What Is Customer Relationship Management (CRM)?
Customer relationship management (CRM) refers to the principles, practices, and guidelines that an organization follows when interacting with its customers. From the organization’s point of view, this entire relationship encompasses direct interactions with customers, such as sales and service-related processes, forecasting, and the analysis of customer trends and behaviors. Ultimately, CRM serves to enhance the customer’s overall experience.
- Customer relationship management includes the principles, practices, and guidelines an organization follows when interacting with its customers.
- CRM is often used to refer to technology companies and systems that help manage external interactions with customers.
- Major areas of growth in CRM technology include software, cloud computing, and artificial intelligence.
Understanding Customer Relationship Management (CRM)
Elements of CRM range from a company’s website and emails to mass mailings and telephone calls. Social media is one-way companies adapt to trends that benefit their bottom line. The entire point of CRM is to build positive experiences with customers to keep them coming back so that a company can create a growing base of returning customers.
Increasingly, the term CRM is being used to refer to the technology systems companies can engage to manage their external interactions with customers at all points during the customer lifecycle, from discovery to education, purchase, and post-purchase.
With an estimated global market value of over $40 billion in 2018, CRM technology is widely cited as the fastest-growing enterprise-software category, which largely encompasses the broader software-as-a-service (SaaS) market. Five of the largest players in the CRM market today include cloud computing giant Salesforce, Microsoft, SAP, Oracle and Adobe Systems.
CRM includes all aspects in which a company interacts with customers, but more commonly refers to the technology used to manage these relationships.
Types of Customer Relationship Management (CRM) Technology
Special CRM software aggregates customer information in one place to give businesses easy access to data, such as contact data, purchase history and any previous contact with customer service representatives.
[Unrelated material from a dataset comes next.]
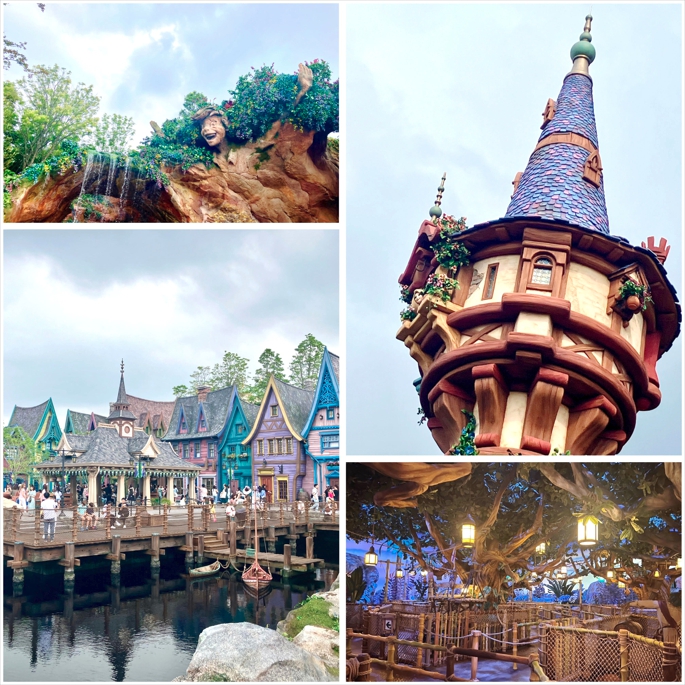 ディズニーランドとディズニーシーに行ってきました🏰✨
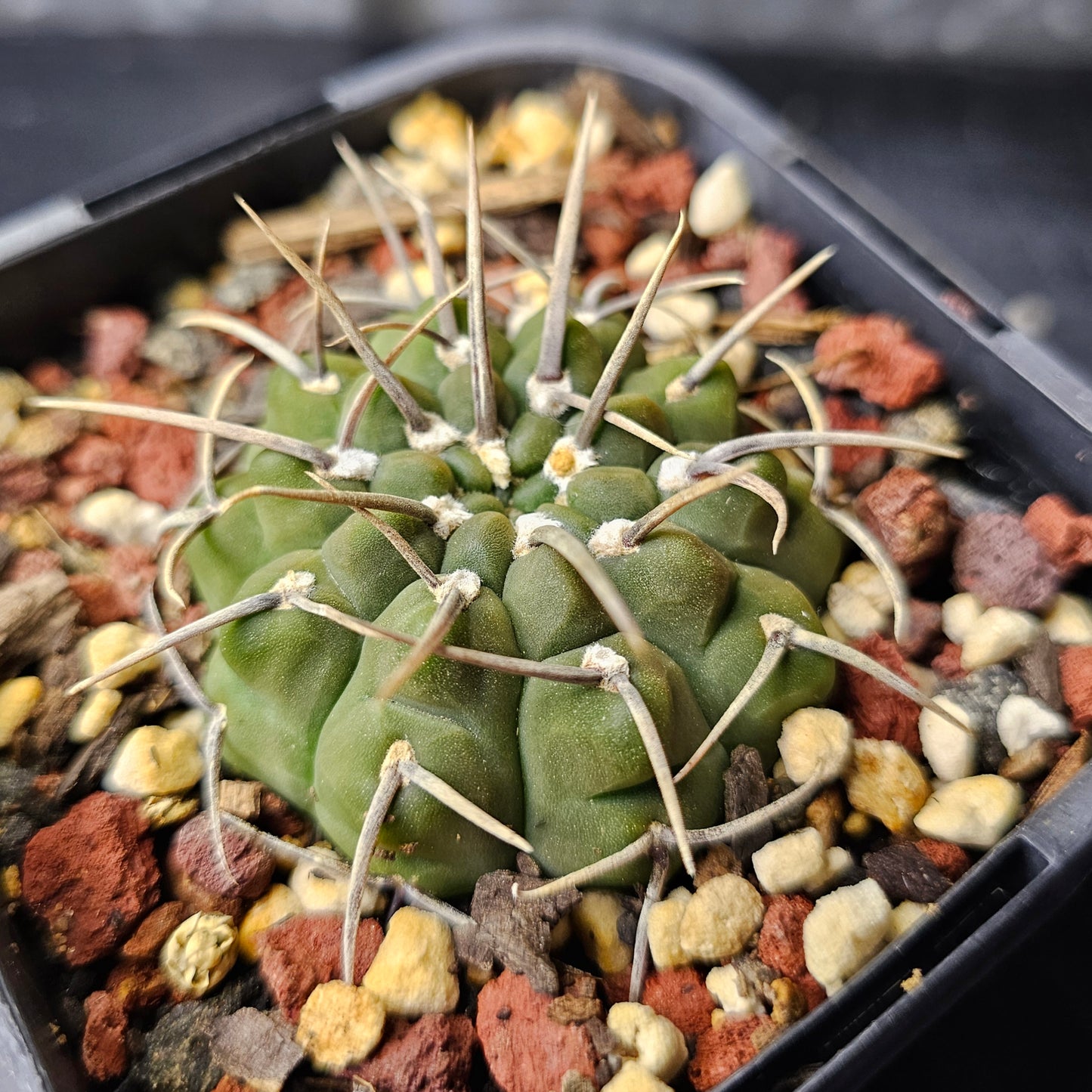 Gymnocalycium vatteri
This data helps employees interact with clients, anticipate customer needs, recognize customer updates and track performance goals when it comes to sales.
CRM software’s main purpose is to make interactions more efficient and productive. Automated procedures within a CRM module include sending sales team marketing materials based on a customer’s selection of a product or service. Programs also assess a customer’s needs to reduce the time it takes to fulfill a request.
CRM Cloud Solutions
Cloud-based systems provide real-time data to sales agents at the office and in the field as long as a computer, smartphone, laptop or tablet connects to the internet. Such systems boast heightened accessibility to customer information and eliminate the sometimes-complicated installation process involved with other CRM products or software.
The convenience of this type of system, however, has a trade-off. If a company goes out of business or faces an acquisition, access to customer information may become compromised. A business might have compatibility issues when and if it migrates to a different vendor for this kind of software. Also, cloud-based CRM programs typically cost more than in-house programs.
CRM Human Management and Artificial Intelligence
All of the computer software in the world to help with CRM means nothing without proper management and decision-making from humans. Plus, the best programs organize data in a way that humans can interpret readily and use to their advantage. For successful CRM, companies must learn to discern useful information and superfluous data and must weed out any duplicate and incomplete records that may give employees inaccurate information about customers.
Grand View Research estimates the CRM market will grow from $36.5 billion in 2017 to over $80 billion in 2025.
Despite this human need, industry analysts are increasingly discussing the impact that artificial intelligence applications may have on CRM management and the CRM market in the near future. AI is expected to strengthen CRM activities by speeding up sales cycles, optimizing pricing and distribution logistics, lowering costs of support calls, increasing resolution rates, and preventing loss through fraud detection.
Tangible AI applications for CRM, however, are in the early stages of adoption, although Salesforce and Microsoft have already started to integrate AI components into their existing CRM systems.